This is both as good and as bad as it sounds.
The makers of Star Trek: Discovery have taken a franchise known for its complex characters and moral quandaries and added a whole lot of punches and kicks and explosions alongside its attempts to Red Wedding space in every single season.
With the new season about to come out, I’d like to talk about a show I just marathoned a few weeks ago. A show screaming with the freak heat of big budget animated spectacle and all the nuance of a tipped over barbecue.
or, flipping like parkour
I’m going to do my best to avoid spoilers.
Star Trek: Discovery (STD from now on because I hate typing that whole name, especially the colon) is full of fanservice for Big Boys who spent their childhoods and adolescences watching the various Star Trek1 series and movies. Despite that, it’s willing to break the mold (this is a pun for show-watchers) and make its own daring moves with a franchise known and loved by so many different people spread across six continents over the last six decades.
We begin with the first non-native English speaking, first woman of color, captain. But, interestingly, the real significant First here is that the primary protagonist is not the captain. Michael Burnham is…well, she’s many things. I’ll get to her in a bit.
We begin with space orcs called Klingons speaking in Klingon through thick prosthetic masks that feel like an absolute horror to speak through, which gives all the Klingon this otherworldly feeling while they speak their language, as if it’s not only not their native language but like they all have the smallest lungs and can only find breath for a few words at a time.
Almost immediately, Michael Burnham aims for some acts of daring rather than peaceful negotiation, which sparks a space war with the space orcs and the almost immediate killing of her captain in a brutal way that reminds you that this is Star Trek but with the f-word.
It’s serious shit is what I mean. It’s for Big Boys, not little babies.
Michael Burnham goes to prison but on the way she gets scooped up by Discovery, a research vessel and she does some cool stuff that makes the handsome captain be like, Hey, be on my crew. Michael Burnham is like, Yeah, sure, why not.

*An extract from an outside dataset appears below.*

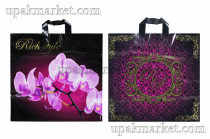 Пакет с петлевой ручкой 45х43 95мкм "Орхидеи" ДПА /8уп х 50/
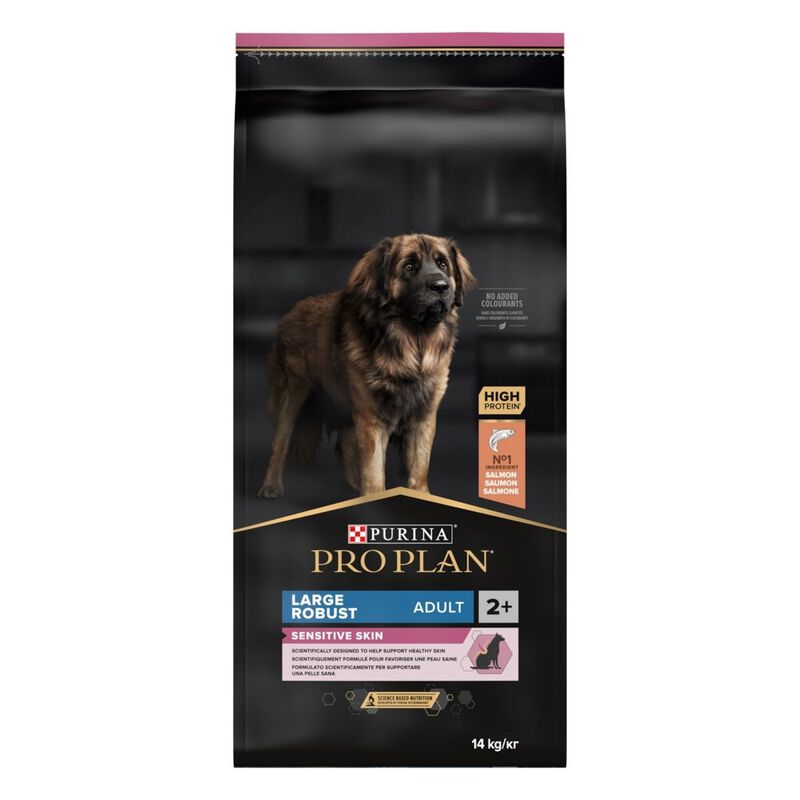 Purina Pro Plan Dog Adult Large Robust Sensitive Skin Salmone 14 kg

From there, the story settles in. It actually becomes very good. The acting is great—especially Doug Jones as Saru: an absolute marvel of physicality—with a few, to me, notable exceptions—I love you, Stamets, but learn how to say your lines, buddy—and the visual effects are so mouthwateringly high production that you can sink your teeth into your TV and taste them. The action, when it happens, is appropriately exciting, and the cast develops and grows together naturally, as if they’ve really been living together for months or years, making the Discovery feel alive, lived in, vibrant.
This is something that we lost in the Golden Age of television. With every network trying to get the next Game of Thrones so they can shock their audiences with Red Weddings and Battles of Bastards, they gave up on humanizing their casts and stories. Never mind that Game of Thrones spent three seasons meticulously putting their characters and narratives together just so they could shock the world with a wedding painted bloody.
STD seems to understand the importance of slowing down, of settling in. So we have all the production value of the Golden Age but with the meandering Quandaries of the Week that fill out the world, allow the characters to grow and relationships to unfurl naturally over the course of hours.
Of course, Prestige Television Syndrome kicks in and we are forced to be shocked while a Plot slaps away the rest of what was going on. That’s not to say it’s bad. The seeds are planted early for this neckbreaking action thriller that swallows the final quarter of the season. It’s all baked right into the beginning of the series.
And so when the twists twist twistily round your neck to choke you into a submissive galaxy spanning conflict between the space orcs and the Federation, you feel genuine excitement. Especially because these twists are baked into concepts and storylines splashed across six decades of Star Trek shows and movies and stories.
My other dimension has another dimension T-shirt…et cetera, et cetera, et cetera.
The first season is about getting cake and getting to eat it too AND not getting fat. The fanservice is smeared casually but visibly, the action appropriately heart flutteringly thrilling, the mysteries puzzly enough that the clever viewer guessed the reveal right before it happened and the cleverer viewer guessed it way back in episode three or four. Me? I’m a dummy. I never know what’s happening until the writers have made it so abundantly clear that I can feel like I’m not an idiot because I got the answer about a second before someone literally looks into the screen and says THIS IS WHAT YOU’RE WATCHING and I nod along, like Hell yeah, I knew it!
Despite my spotty history with this franchise, I was on board by the end of season one. It had its problems but I don’t ask for perfection when I watch TV. I ask for entertainment. Even slapped together TV with budgets larger than my future lifetime earnings.
Season Two is my favorite of the seasons for a few reasons. I imagine it was pretty divisive because of the way it chooses to engage with the history of the franchise, but I don’t care about fictional history.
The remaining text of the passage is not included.